Hanno Hauenstein, The Third Draft, 21/6/2025
Traduit par Fausto GiudiceTlaxcala 

Malgré certaines remarques critiques, l’Allemagne n’a pas changé sa position sur Israël et la Palestine. De Gaza à Téhéran, son soutien au génocide et à la guerre persiste, tandis que la Staatsräson [raison d’État] est en train d’être relookée.

 

Staatsräson
, par Peter Wall, 2013

Que signifie la Staatsräson lorsque l’Allemagne soutient le génocide perpétré par Israël à Gaza ?
Les deux dernières années apportent une réponse douloureusement simple : ce concept s’est largement détaché de tout fondement éthique. Il n’affirme plus la responsabilité historique de l’Allemagne – à supposer qu’il l’ait jamais vraiment fait. Au contraire, il la sape.

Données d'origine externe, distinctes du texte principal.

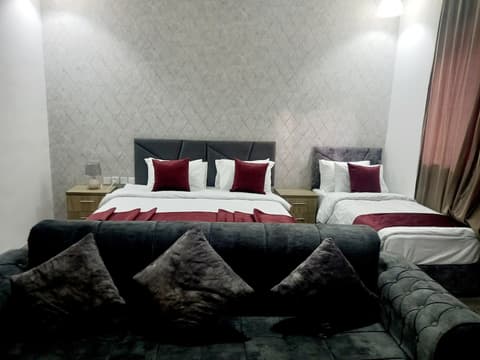 Twins Downtown Hotel, Room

Et pourtant, ces dernières semaines, des fissures ont commencé à apparaître dans ce qui semblait depuis longtemps être un consensus allemand inébranlable sur Israël.

Le porte-parole de la CDU pour la politique étrangère, Johann Wadephul, un atlantiste pur et dur, a déclaré à la Süddeutsche Zeitung qu’il était discutable que les actions d’Israël à Gaza restent « compatibles avec le droit international humanitaire ». Il a ajouté que les exportations d’armes seraient réexaminées – et éventuellement suspendues. Et le chancelier Friedrich Merz a déclaré à un journaliste que les objectifs stratégiques d’Israël à Gaza n’étaient plus clairs pour lui.

Ces deux déclarations contrastent fortement avec d’autres remarques faites par les mêmes personnes. Lors d’une visite en Israël début mai, Wadephul avait exprimé sa « compréhension » pour l’un des crimes de guerre les plus flagrants commis jusqu’à présent par Israël à Gaza : le blocus de l’aide humanitaire, c’est-à-dire l’utilisation de la famine comme arme. Il l’a justifié en invoquant des allégations selon lesquelles le Hamas en faisait un usage abusif, un récit avancé par Israël, mais non confirmé par des sources indépendantes.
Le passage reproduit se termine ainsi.